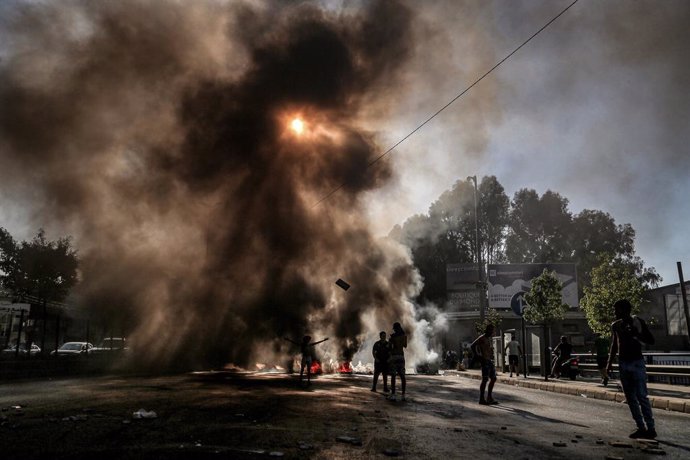 Archivo - Protesta en Beirut contra la escasez de combustible en medio de la crisis económica en Líbano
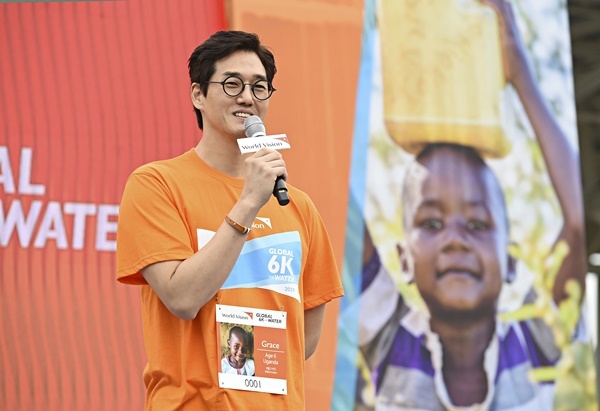 월드비전 홍보대사 배우 유지태가 글로벌 6K 마라톤 행사에서 인사말을 전하고 있다. (사진제공=월드비전)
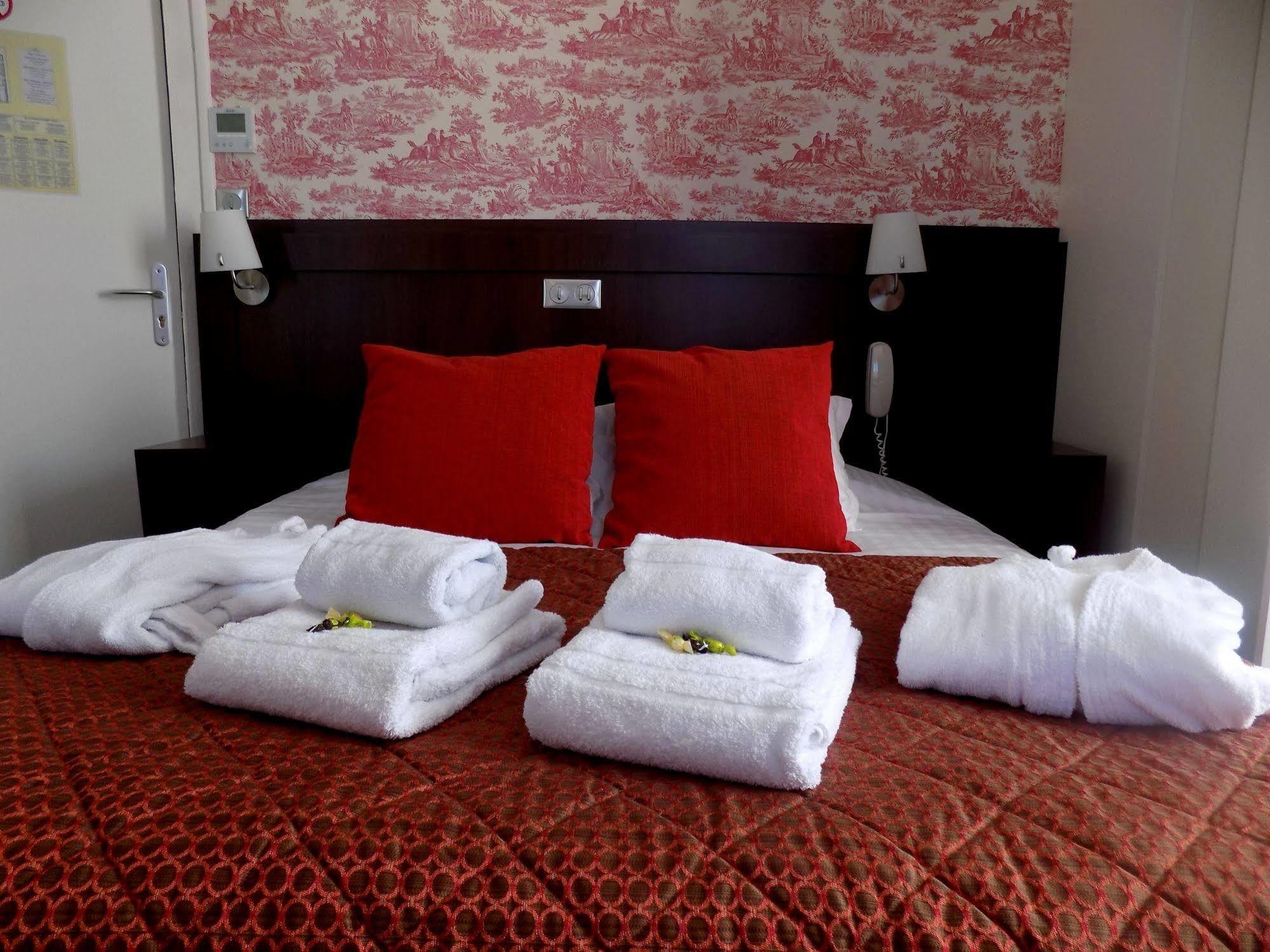 אמבואה Logis Hotel La Breche - Restaurant Berthelot מראה חיצוני תמונה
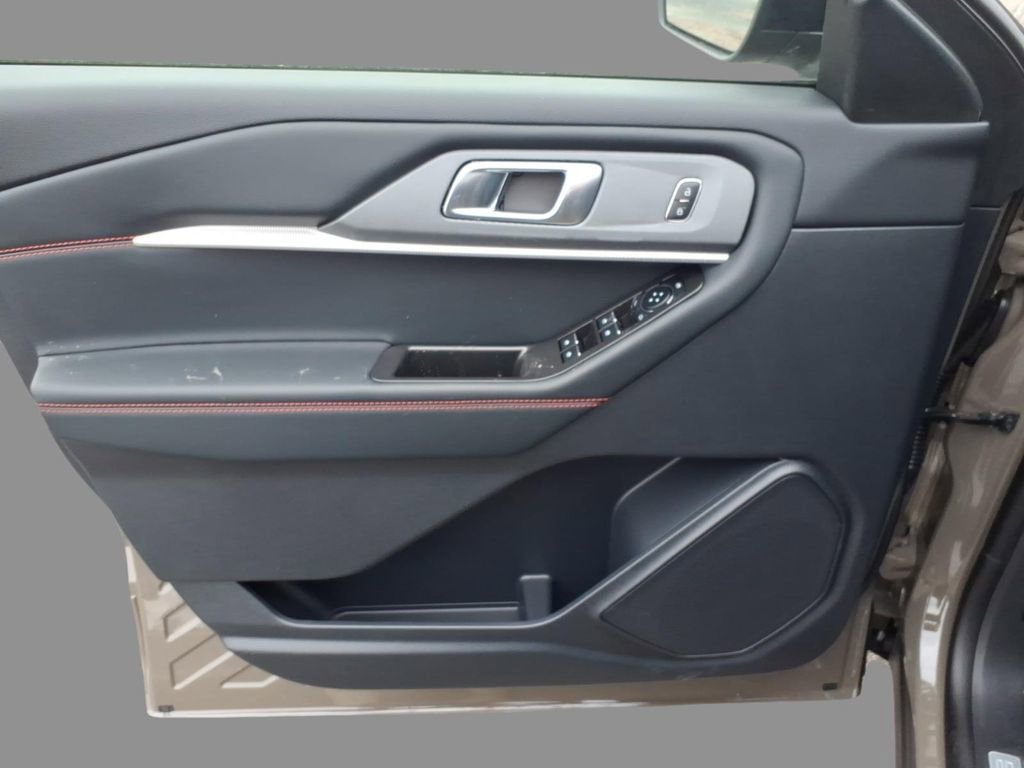 New 2026 Ford Explorer ST-Line image 16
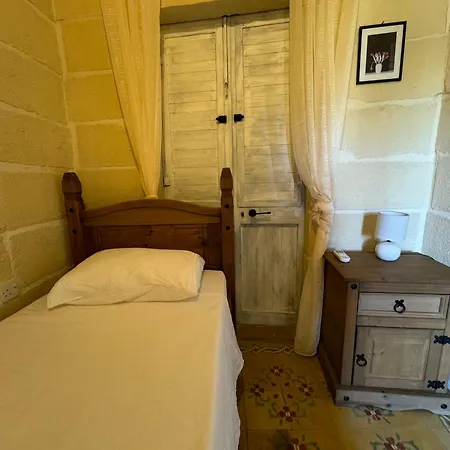 Tal-kaptan Hétvégi ház *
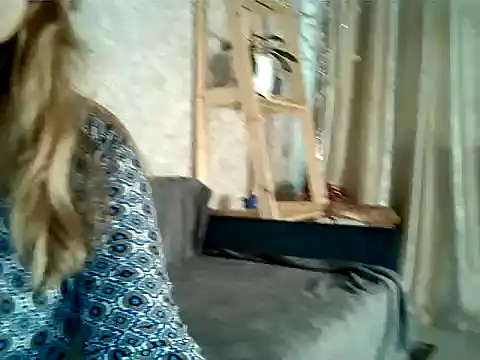 Snapshot of Aline_LoveFlowers chatting on 01/16/25, 09:48 Aline LoveFlowers online show from 01/16/25, 09:48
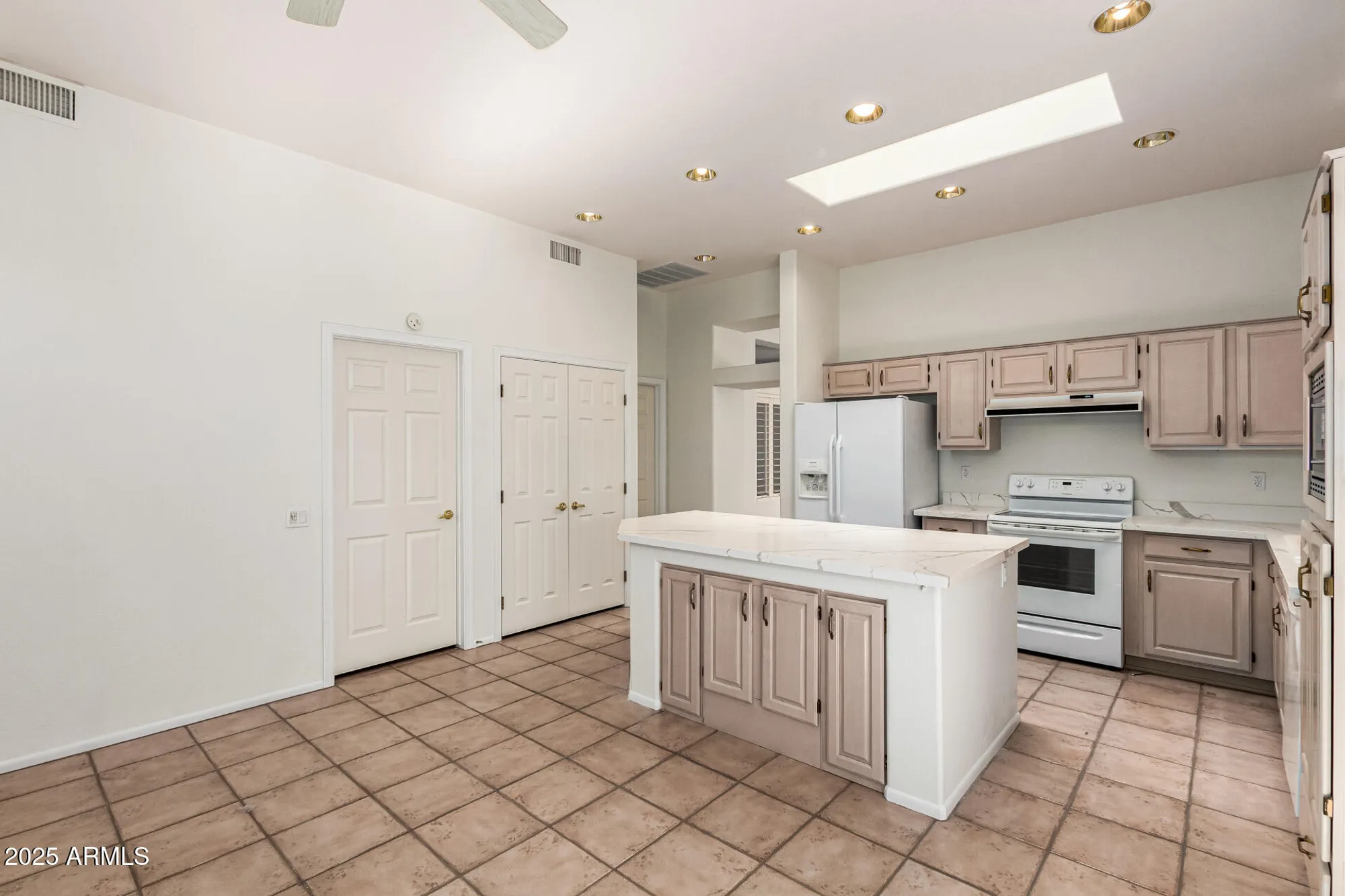 Property Slideshow image 24 of 47 | 15427 w heritage dr, Sun City West, AZ, 85375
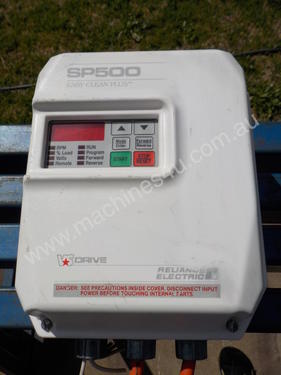 RELIANCE ELECTRIC SP500 AC DRIVE (Motor Controller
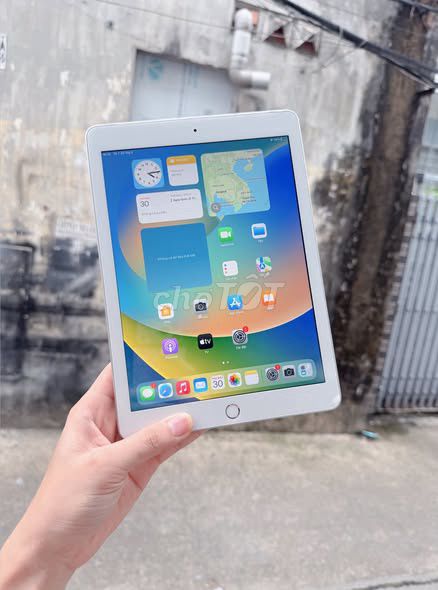 Apple iPad Gen 5 128GB Bạc. Mua bán Máy tính bảng tại Quận 1 Tp Hồ Chí Minh được đăng bởi Hội Đồ Điện Tử hình 1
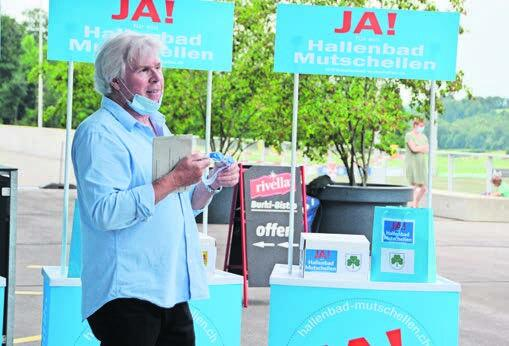 Urs Schweizer, Initiant der Petition und früherer Wasserballer, hatte für die Gemeinderäte noch eine Schwimmbrille mitgebracht – neben den Unterschriften aus deren Gemeinden. Bild: Erika Obrist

---------------

§ **YOUR GOAL**
Only an exact copy belongs in the answer: the lines from the one containing "Tal-kaptan Hétvégi ház *" through the end of the records, both ends included, minus the pictures.

§ **TASK ANSWER**
 Tal-kaptan Hétvégi ház *
 Snapshot of Aline_LoveFlowers chatting on 01/16/25, 09:48 Aline LoveFlowers online show from 01/16/25, 09:48
 Property Slideshow image 24 of 47 | 15427 w heritage dr, Sun City West, AZ, 85375
 RELIANCE ELECTRIC SP500 AC DRIVE (Motor Controller
 Apple iPad Gen 5 128GB Bạc. Mua bán Máy tính bảng tại Quận 1 Tp Hồ Chí Minh được đăng bởi Hội Đồ Điện Tử hình 1
 Urs Schweizer, Initiant der Petition und früherer Wasserballer, hatte für die Gemeinderäte noch eine Schwimmbrille mitgebracht – neben den Unterschriften aus deren Gemeinden. Bild: Erika Obrist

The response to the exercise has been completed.